━━ Exercise data ━━
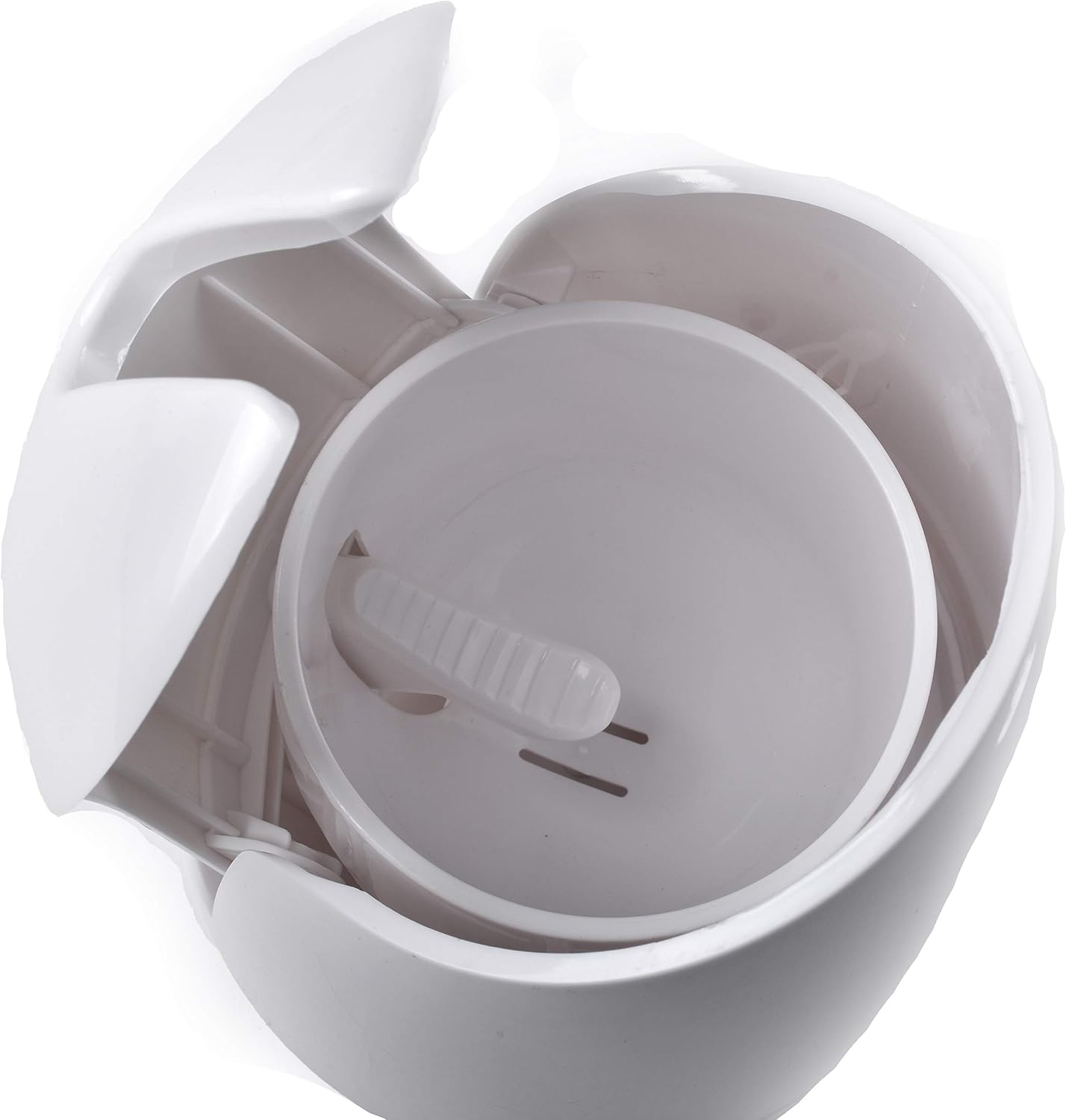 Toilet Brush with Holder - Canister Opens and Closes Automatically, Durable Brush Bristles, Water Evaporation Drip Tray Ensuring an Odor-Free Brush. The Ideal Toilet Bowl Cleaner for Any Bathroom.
━━━
━━ Exercise data ━━
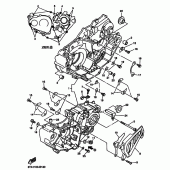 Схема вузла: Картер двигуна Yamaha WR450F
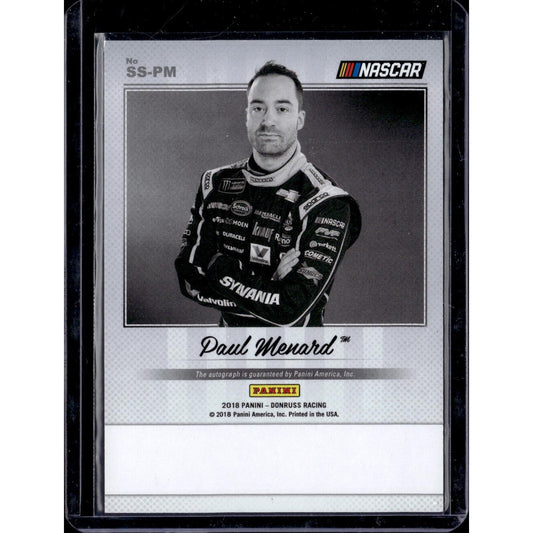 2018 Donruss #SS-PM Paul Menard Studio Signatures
━━━
━━ Exercise data ━━
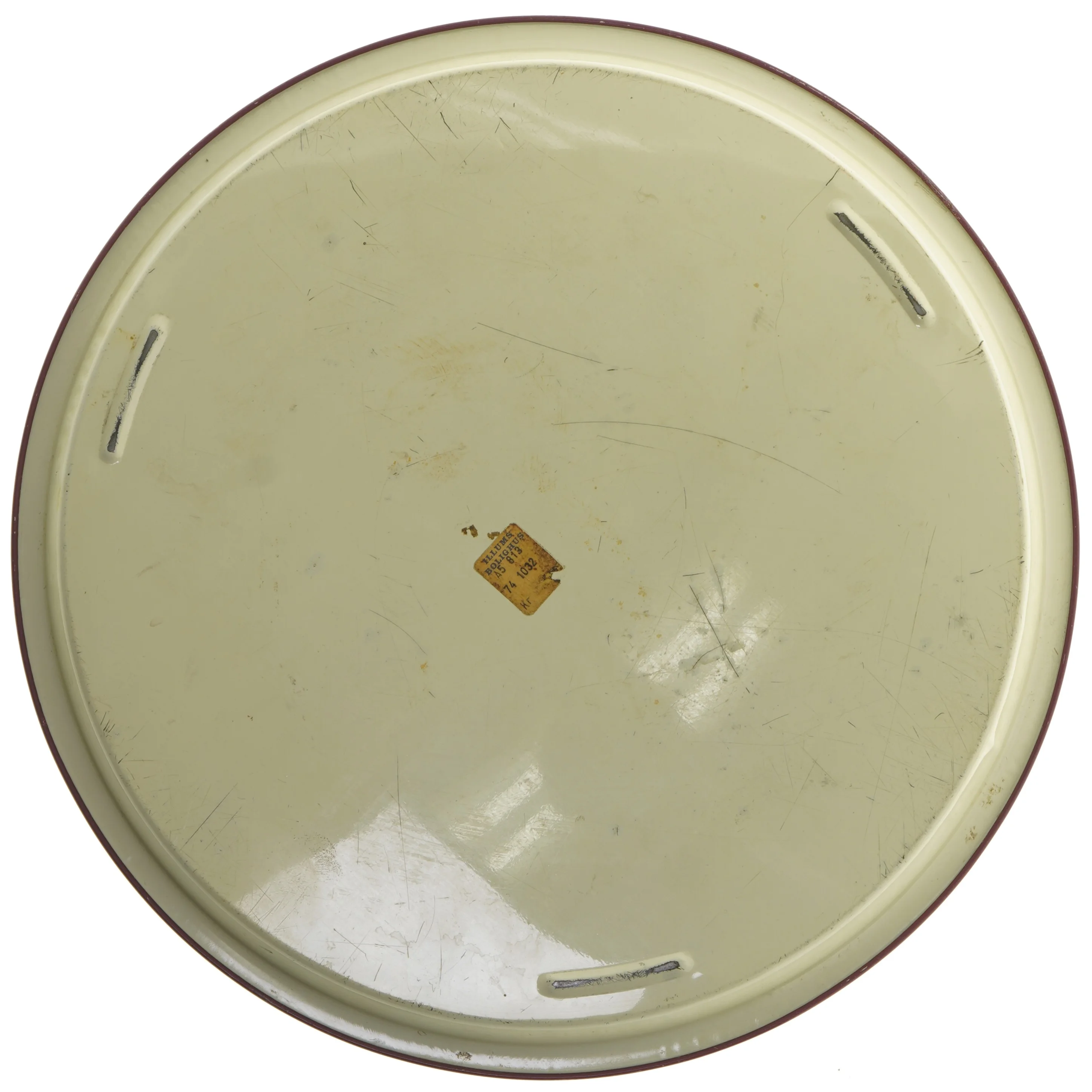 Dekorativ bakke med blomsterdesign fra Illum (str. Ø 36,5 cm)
━━━
-- The problem --
Return only the part above that opens with the line containing "Схема вузла: Картер двигуна Yamaha WR450F" and closes with the line containing "2018 Donruss #SS-PM", exactly and with both ends, skipping the pictures.

-- Exercise answer --
 Схема вузла: Картер двигуна Yamaha WR450F
 2018 Donruss #SS-PM Paul Menard Studio Signatures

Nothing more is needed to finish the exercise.